TASK GOAL >>
Exactly as written and without the pictures, output the entries below.

THE RECORDS >>
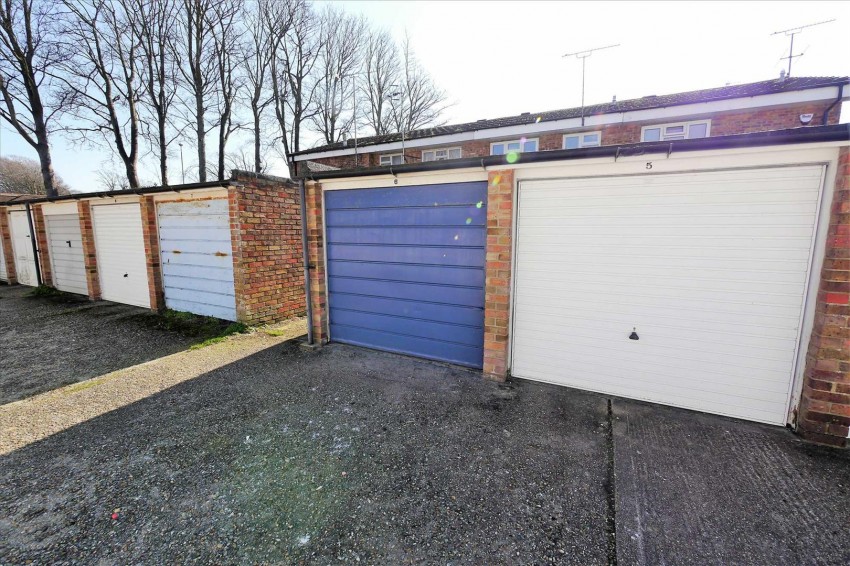 Images for Tarring Gate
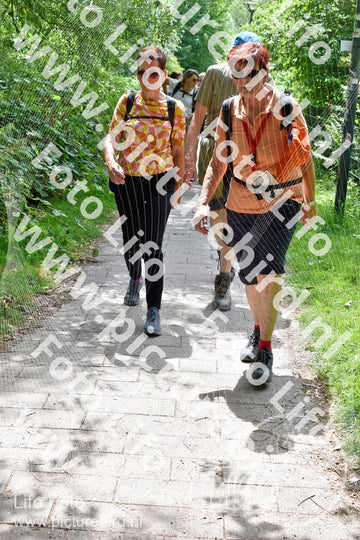 Evenement foto: Utrecht City Walk Serie 399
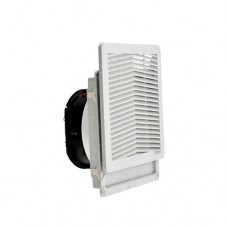 Фильтрующий вентилятор Fandis FF15MA230UF 230 В 223х223 мм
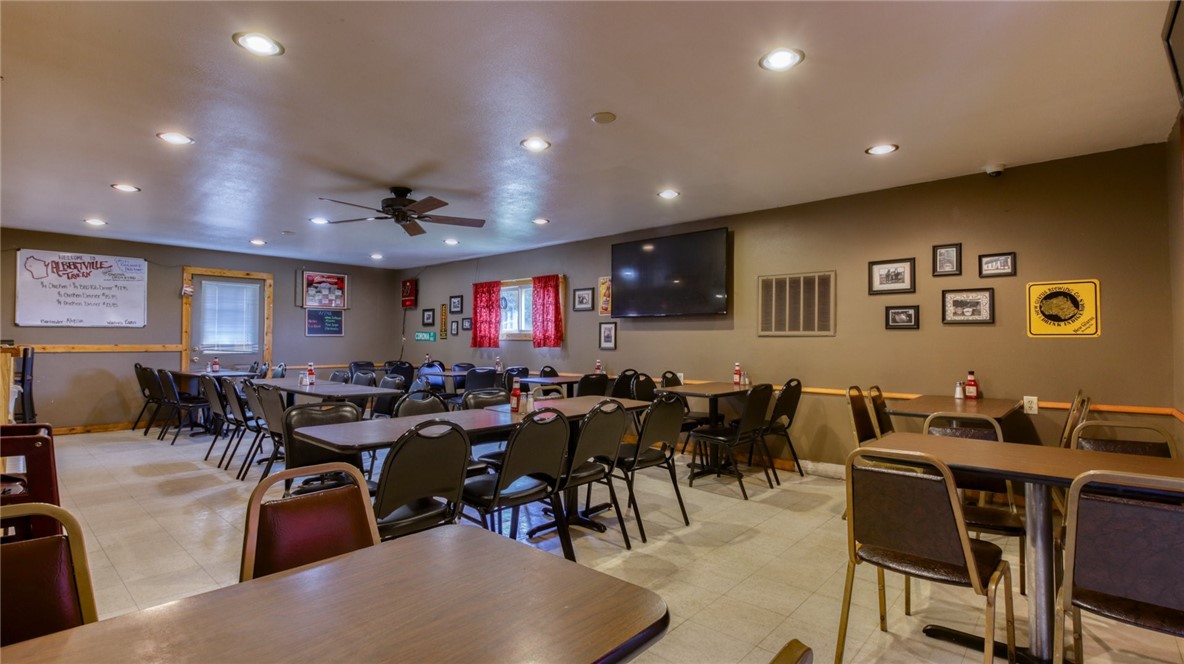 8114 35th Street, Colfax, WI — photo 10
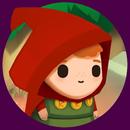 Minesweeper Adventure Story APK
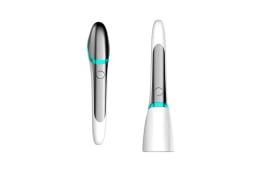 vysn intellipen ems device
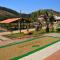 Vassouras Eco Resort Vassouras Eco Resort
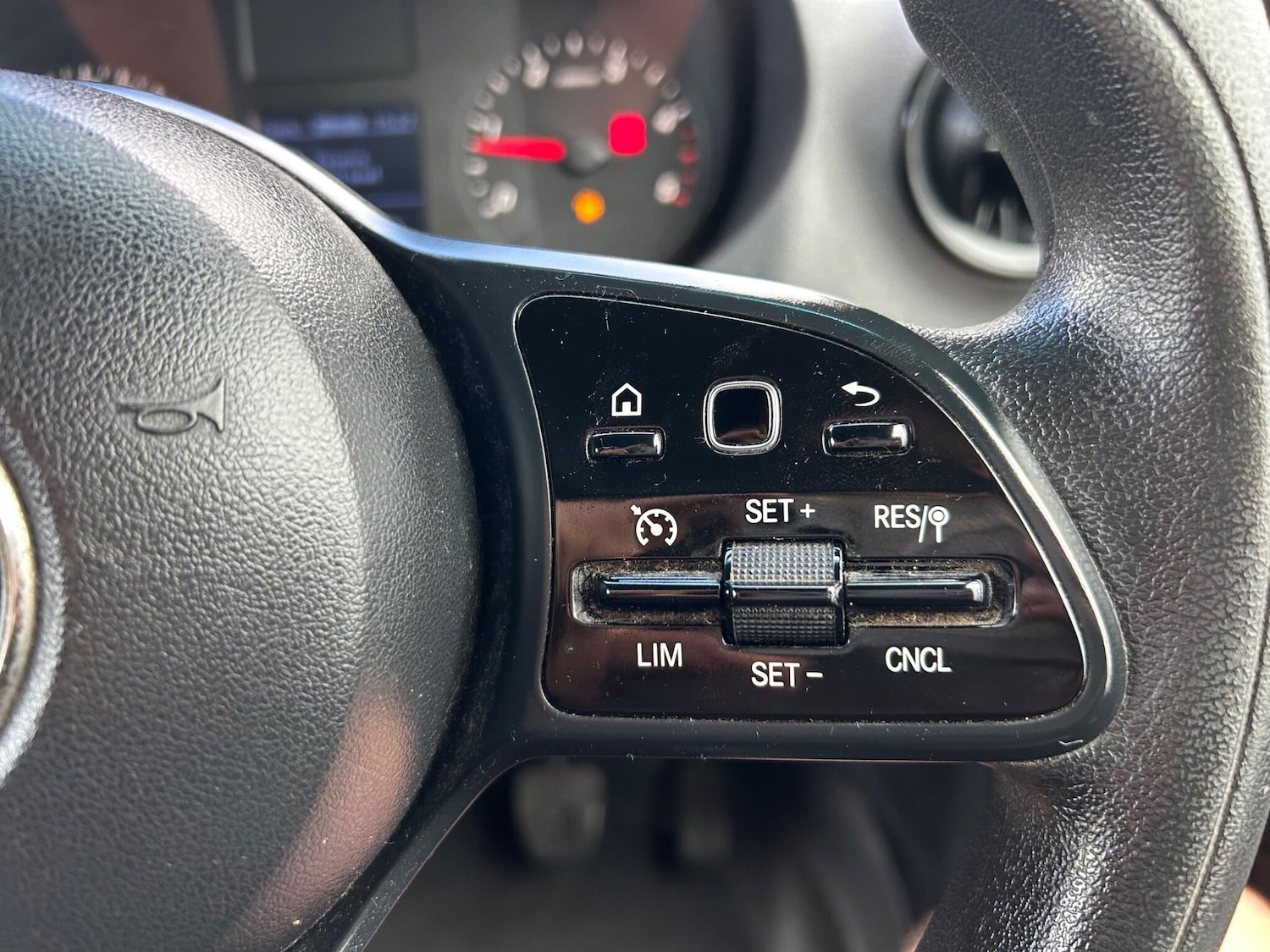 Used Mercedes-Benz Sprinter 2019 for sale - 76988275: Photo 20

OUTPUT BELOW >>
 Images for Tarring Gate
 Evenement foto: Utrecht City Walk Serie 399
 Фильтрующий вентилятор Fandis FF15MA230UF 230 В 223х223 мм
 8114 35th Street, Colfax, WI — photo 10
 Minesweeper Adventure Story APK
 vysn intellipen ems device
 Vassouras Eco Resort Vassouras Eco Resort
 Used Mercedes-Benz Sprinter 2019 for sale - 76988275: Photo 20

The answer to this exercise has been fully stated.